Elle se tut, gênée de son éclat. Un vestige de son enfance était remonté à la surface pour plaider une cause qu’elle ne se souciait même plus de défendre.

— Ces éléments pourraient avoir leur importance, commenta Brill après un silence, et une brève lueur de bonté brilla dans son œil. La dernière épreuve est une rédaction. Décrivez trois énigmes que vous avez dû résoudre pour entrer dans des salles secrètes. Vous savez à quoi je fais allusion. Indiquez succinctement les éléments, logiques et intuitifs, qui vous ont amenée chaque fois à la réponse correcte. Limitez-vous à une centaine de mots par épisode… C’est à vous.

Maïa soupira. Tout le monde avait l’air au courant de ses aventures dans le Centre de Défense. Mais le secret avait beau être éventé, il était retombé aux mains des forces conservatrices qui l’avaient maintenu en activité pendant des siècles.

« Si j’ai réussi à ouvrir la porte de métal rouge, c’est en partie par hasard…, écrivit-elle.

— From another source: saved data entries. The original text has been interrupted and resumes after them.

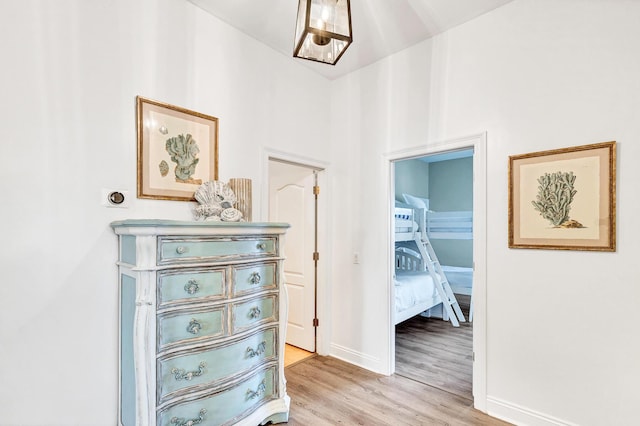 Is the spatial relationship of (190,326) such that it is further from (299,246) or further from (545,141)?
(545,141)

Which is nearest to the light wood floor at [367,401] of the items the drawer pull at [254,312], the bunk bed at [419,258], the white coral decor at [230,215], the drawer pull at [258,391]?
the drawer pull at [258,391]

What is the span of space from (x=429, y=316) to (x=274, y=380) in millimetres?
3393

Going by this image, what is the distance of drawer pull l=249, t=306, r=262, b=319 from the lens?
6.96ft

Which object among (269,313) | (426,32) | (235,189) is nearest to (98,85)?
(235,189)

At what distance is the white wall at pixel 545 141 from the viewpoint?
194cm

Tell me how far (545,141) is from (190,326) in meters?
2.65

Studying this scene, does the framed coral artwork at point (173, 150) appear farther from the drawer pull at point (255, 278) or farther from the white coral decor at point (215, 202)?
the drawer pull at point (255, 278)

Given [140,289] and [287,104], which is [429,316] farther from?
[140,289]

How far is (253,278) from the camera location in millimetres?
2137

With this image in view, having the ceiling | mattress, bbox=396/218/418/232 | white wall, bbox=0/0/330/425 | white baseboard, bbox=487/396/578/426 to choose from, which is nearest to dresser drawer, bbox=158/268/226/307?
white wall, bbox=0/0/330/425

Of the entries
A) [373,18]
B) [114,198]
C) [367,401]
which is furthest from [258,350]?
[373,18]

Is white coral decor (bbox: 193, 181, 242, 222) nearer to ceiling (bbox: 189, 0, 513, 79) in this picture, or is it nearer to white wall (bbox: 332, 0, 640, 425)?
ceiling (bbox: 189, 0, 513, 79)

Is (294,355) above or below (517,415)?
below

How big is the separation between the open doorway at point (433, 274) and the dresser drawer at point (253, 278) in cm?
167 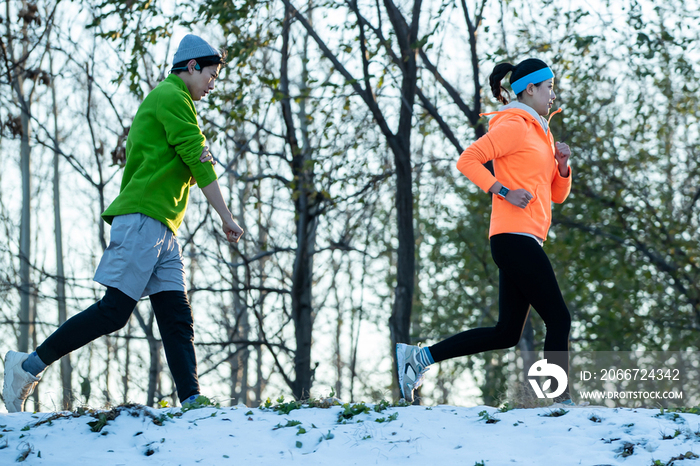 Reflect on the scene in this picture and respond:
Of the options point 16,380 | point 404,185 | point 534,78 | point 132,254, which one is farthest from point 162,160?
point 404,185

J’ai fait le rapprochement entre des mots que j’avais entendus autrefois et les symboles dessinés sur les hexagones…» Elle savait qu’elle faisait du mauvais travail. Elle n’arrivait pas organiser ses pensées de façon cohérente. Penser à Botjelli la ramenait à des problèmes plus réels que ces stupides tests. Quel dommage que Leie et Brod ne soient pas repartis avec les amies de Naroïne !

Elle décrivit ensuite la méthode qu’elle avait utilisée pour résoudre l’énigme du mur d’images. Elle en attribua le mérite à Leie et au malheureux navigateur, sauf que cela revenait à leur faire partager la responsabilité de la suite : l’invasion des lieux secrets, qui avait amené Renna à abréger ses préparatifs et à tenter ce décollage prématuré et fatal.

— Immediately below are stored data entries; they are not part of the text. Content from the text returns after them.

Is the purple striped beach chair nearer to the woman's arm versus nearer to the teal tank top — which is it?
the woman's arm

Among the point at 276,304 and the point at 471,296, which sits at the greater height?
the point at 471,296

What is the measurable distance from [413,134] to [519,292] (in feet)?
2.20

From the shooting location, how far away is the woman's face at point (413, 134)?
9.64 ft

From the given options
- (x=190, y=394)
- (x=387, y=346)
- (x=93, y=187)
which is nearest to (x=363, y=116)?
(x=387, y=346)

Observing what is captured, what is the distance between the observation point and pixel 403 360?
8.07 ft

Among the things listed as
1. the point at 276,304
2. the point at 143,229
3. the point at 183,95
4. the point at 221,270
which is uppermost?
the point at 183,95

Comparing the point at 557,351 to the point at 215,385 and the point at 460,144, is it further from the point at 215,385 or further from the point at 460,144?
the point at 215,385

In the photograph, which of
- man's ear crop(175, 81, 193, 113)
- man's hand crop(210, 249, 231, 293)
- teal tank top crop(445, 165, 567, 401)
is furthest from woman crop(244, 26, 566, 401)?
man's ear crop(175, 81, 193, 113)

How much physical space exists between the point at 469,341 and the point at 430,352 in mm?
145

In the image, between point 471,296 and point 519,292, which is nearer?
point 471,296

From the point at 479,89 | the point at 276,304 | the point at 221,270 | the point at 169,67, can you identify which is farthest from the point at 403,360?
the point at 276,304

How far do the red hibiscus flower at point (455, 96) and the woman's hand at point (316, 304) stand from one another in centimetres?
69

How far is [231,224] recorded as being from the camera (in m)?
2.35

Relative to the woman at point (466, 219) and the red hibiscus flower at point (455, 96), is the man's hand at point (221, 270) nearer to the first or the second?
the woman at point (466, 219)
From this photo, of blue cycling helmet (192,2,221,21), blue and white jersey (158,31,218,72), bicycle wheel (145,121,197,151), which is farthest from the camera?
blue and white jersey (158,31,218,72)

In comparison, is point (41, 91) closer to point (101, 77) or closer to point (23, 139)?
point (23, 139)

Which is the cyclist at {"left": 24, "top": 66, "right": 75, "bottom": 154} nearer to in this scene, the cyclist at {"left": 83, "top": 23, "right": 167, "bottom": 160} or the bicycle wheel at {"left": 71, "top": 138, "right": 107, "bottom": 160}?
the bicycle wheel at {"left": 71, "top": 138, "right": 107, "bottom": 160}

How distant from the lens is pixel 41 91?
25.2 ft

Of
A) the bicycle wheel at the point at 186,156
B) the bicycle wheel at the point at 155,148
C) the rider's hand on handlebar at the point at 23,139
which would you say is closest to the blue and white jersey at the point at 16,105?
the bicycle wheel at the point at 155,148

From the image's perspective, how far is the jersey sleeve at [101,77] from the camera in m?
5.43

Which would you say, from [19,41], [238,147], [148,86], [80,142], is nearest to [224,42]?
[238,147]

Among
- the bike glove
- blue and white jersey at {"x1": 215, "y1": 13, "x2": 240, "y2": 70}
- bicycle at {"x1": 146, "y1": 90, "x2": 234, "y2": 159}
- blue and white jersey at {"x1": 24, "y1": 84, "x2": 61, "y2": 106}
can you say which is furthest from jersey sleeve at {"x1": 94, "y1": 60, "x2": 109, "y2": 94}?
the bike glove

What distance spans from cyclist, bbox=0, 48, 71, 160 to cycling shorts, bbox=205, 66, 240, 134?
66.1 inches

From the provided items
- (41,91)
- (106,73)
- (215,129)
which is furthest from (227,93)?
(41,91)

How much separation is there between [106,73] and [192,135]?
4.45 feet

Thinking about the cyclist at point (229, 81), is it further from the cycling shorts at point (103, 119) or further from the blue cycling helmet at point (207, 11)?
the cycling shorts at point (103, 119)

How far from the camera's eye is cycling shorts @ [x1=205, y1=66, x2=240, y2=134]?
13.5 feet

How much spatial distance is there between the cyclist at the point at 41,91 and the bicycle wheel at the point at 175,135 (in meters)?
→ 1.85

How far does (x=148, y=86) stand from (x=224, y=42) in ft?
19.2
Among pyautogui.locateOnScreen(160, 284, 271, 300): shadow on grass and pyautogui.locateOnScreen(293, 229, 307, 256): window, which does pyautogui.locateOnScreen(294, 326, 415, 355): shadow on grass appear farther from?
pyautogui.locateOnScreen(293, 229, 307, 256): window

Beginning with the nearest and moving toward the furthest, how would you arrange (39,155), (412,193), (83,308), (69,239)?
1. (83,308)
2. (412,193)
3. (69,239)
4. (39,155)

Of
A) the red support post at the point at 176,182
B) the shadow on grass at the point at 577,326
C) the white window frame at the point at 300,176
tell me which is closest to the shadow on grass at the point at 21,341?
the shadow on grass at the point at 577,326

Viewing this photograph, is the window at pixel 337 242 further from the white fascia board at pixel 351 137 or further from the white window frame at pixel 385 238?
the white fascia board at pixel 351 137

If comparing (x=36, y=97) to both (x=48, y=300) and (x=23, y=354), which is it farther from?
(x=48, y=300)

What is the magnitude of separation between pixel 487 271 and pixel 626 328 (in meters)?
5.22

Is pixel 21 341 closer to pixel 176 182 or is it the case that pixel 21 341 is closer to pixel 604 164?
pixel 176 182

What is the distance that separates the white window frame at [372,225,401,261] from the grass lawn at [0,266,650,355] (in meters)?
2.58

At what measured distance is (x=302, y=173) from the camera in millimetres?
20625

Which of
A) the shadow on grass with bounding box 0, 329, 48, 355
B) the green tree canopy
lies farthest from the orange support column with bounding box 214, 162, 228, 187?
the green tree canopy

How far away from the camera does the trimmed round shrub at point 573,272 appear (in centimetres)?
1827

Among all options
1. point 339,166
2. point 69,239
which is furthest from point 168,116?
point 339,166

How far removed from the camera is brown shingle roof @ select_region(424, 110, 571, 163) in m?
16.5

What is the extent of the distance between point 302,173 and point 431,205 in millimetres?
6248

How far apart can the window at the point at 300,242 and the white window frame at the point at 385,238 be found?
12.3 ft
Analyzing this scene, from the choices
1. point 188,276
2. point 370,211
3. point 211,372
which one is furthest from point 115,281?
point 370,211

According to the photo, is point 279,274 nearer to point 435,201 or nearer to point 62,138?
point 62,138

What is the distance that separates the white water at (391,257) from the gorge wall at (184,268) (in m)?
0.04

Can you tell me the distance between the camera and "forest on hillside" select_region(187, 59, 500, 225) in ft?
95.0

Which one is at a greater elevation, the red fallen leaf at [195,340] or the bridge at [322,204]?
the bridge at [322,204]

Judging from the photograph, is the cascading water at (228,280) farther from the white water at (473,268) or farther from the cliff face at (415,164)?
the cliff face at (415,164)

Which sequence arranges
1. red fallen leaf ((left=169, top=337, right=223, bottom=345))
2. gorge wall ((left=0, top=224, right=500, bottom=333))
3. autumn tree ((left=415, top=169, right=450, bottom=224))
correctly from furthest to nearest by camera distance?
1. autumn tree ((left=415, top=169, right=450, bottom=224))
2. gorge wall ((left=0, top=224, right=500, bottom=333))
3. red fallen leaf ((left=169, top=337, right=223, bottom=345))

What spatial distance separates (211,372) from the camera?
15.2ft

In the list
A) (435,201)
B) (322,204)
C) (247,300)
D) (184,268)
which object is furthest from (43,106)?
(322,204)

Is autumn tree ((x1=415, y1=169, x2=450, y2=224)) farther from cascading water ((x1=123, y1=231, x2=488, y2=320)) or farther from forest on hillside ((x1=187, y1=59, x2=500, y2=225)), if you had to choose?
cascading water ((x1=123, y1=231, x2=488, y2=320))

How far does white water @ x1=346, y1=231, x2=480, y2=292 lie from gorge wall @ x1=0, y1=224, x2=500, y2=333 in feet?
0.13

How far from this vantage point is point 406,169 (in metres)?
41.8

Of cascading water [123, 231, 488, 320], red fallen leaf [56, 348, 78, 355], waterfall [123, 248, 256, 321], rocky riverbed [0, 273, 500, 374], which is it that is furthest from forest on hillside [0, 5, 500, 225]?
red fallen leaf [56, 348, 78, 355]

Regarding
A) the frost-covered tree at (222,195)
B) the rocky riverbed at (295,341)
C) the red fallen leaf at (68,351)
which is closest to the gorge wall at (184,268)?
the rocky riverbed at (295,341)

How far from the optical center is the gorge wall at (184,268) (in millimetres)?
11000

« C’est ma faute, à moi seule. » Elle ferma les yeux et inspira profondément. « Ce n’est pas le moment d’y penser. Plus tard…»

Elle plaça la seconde feuille de papier sur la première, contempla la troisième et leva les yeux, perplexe.

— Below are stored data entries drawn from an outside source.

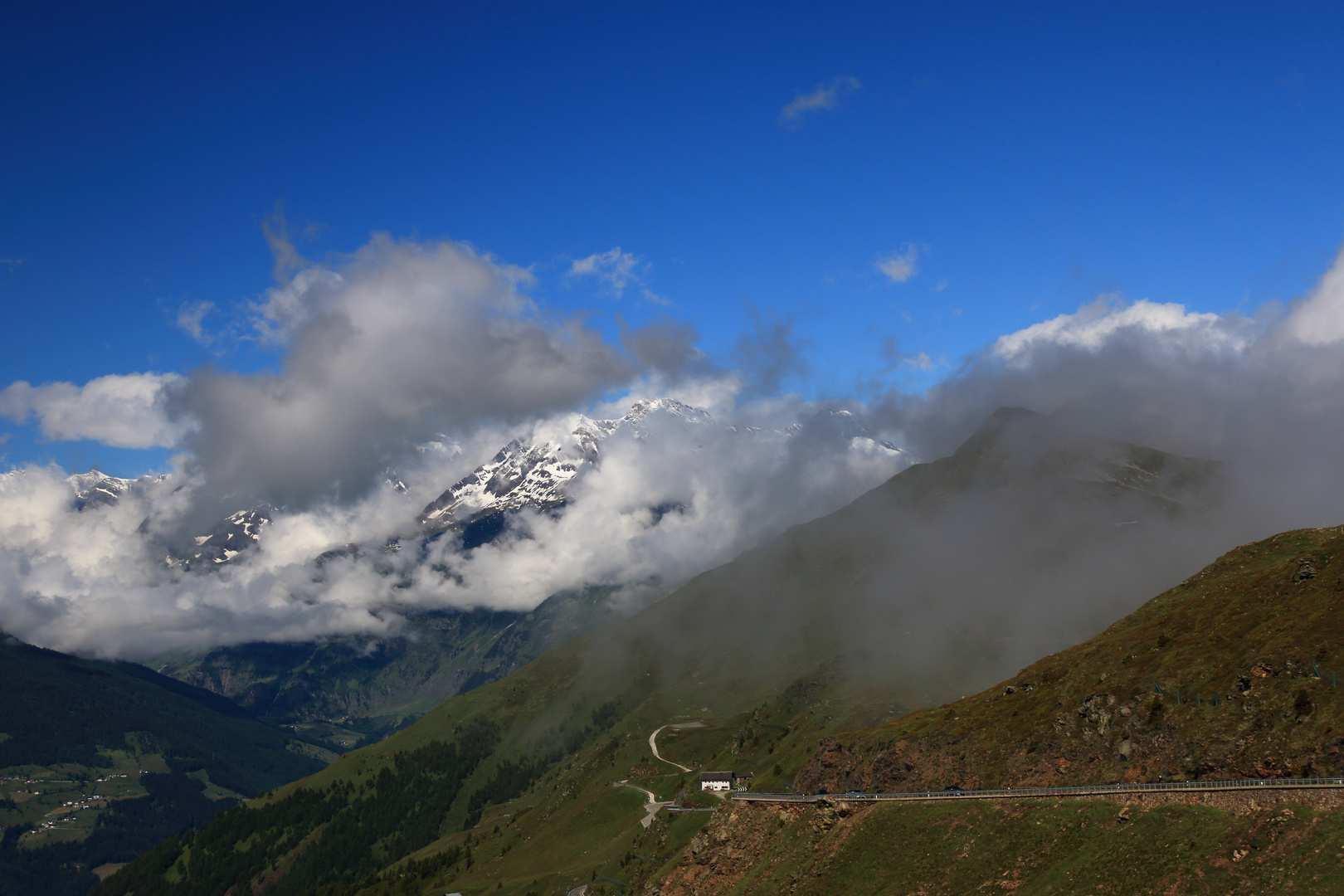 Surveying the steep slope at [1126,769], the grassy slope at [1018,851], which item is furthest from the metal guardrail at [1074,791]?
the grassy slope at [1018,851]

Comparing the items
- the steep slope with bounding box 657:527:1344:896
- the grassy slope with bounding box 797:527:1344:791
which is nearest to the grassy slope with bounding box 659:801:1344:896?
the steep slope with bounding box 657:527:1344:896

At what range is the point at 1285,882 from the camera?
66.0 metres

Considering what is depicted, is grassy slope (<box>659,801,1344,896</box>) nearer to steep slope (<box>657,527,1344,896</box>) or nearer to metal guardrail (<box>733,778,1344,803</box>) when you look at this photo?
steep slope (<box>657,527,1344,896</box>)

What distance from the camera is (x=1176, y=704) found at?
10025 cm

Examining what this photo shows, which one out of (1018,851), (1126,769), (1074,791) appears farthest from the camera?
(1126,769)

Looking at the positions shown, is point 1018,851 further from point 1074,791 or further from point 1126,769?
point 1126,769

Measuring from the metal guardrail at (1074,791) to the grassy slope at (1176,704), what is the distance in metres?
3.57

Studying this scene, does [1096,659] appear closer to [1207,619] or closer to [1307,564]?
[1207,619]

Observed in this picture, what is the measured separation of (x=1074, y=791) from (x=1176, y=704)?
17.5m

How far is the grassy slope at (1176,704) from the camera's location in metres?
86.4

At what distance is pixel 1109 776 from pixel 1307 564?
45204 mm

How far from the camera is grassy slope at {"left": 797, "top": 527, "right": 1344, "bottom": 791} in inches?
3403

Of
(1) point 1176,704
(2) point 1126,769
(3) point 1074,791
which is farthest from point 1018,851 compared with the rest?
(1) point 1176,704

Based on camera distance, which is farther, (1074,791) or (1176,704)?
(1176,704) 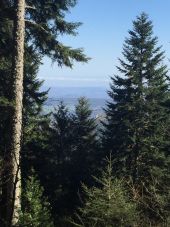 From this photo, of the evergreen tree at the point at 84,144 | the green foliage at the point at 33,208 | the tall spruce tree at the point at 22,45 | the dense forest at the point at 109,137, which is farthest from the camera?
the evergreen tree at the point at 84,144

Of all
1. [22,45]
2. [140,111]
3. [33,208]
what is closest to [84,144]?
[140,111]

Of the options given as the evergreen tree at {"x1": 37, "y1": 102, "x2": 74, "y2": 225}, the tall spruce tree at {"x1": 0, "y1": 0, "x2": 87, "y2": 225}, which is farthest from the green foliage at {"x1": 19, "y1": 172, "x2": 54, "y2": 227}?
the evergreen tree at {"x1": 37, "y1": 102, "x2": 74, "y2": 225}

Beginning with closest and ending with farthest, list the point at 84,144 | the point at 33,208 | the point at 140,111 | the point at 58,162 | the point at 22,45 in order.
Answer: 1. the point at 22,45
2. the point at 33,208
3. the point at 140,111
4. the point at 58,162
5. the point at 84,144

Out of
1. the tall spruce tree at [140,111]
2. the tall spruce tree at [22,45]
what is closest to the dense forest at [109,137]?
the tall spruce tree at [140,111]

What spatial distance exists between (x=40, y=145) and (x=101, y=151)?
4568 mm

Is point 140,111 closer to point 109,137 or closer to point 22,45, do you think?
point 109,137

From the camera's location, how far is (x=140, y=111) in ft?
99.4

— Quelle troisième serrure à énigme ? Je ne vois pas…

— La première. Quand vous aviez quatre ans. Dans la cave de vos mères.

— Comment savez-vous que… ? fit Maïa, stupéfaite.

— Ce n’est pas la question. Continuez, s’il vous plaît. Ce test mesure la faculté de réponse au stress, pas les compétences ni la mémoire.

Maïa soupçonnait que ce jargon cachait autre chose, mais elle raconta docilement ce qu’elle se rappelait de ce jour lointain, où le monte-charge grinçant avait descendu pour la dernière fois deux jeunes jumelles dans les caves des Lamaïs.

La main crispée sur le papier où elle avait griffonné sa dernière hypothèse, Maïa avait appuyé sur les motifs de pierre – serpents entrelacés, étoiles et autres symboles – qui s’étaient mis en place un par un, en cliquetant. Les jumelles avaient regardé, en retenant leur souffle, l’inviolable porte glisser lentement de côté pour révéler…

Des ossements. Des tas d’os bien rangés – fémurs, tibias, omoplates, crânes grimaçants –, dans un froid glacial et un silence surnaturel. Maïa avait fait un bond en arrière et Leie poussé un cri de surprise. Elles étaient devant ce qui restait de générations et de générations de leurs propres mères génétiques, mais – ah, le sens de l’ordre lamaï ! – tous les squelettes avaient été démantibulés et il était difficile de les imaginer en train de se lever, vengeresses.

Elles avaient découvert d’autres choses, dans l’ossuaire. Des archives poussiéreuses rangées dans des placards glacés, et des objets plus menaçants : des armes. Des engins de mort, interdits aux milices familiales, mais qui cadraient bien avec la devise des Lamaïs : « Deux précautions valent mieux qu’une. »

Cette découverte avait valu pas mal de cauchemars aux jumelles, mais aussi un mépris salutaire envers leur interminable chaîne d’ancêtres. Si les Lamaïs avaient vaincu le temps, elles ne parviendraient jamais à surmonter leur profonde insécurité. Pour finir, Maïa se souvenait surtout des mois qu’elle avait passés à se creuser la tête sur l’énigme. Elle avait découvert que une fois résolus, les rébus perdaient tout intérêt.

— Tout ce que je peux vous dire, lui confia Brill avant de partir, c’est qu’il s’agit d’une entreprise de transport et de communication faisant appel à des techniques traditionnelles perfectionnées. Les femmes de notre clan apprécient tout ce qui leur permet de s’agrandir en se dispersant.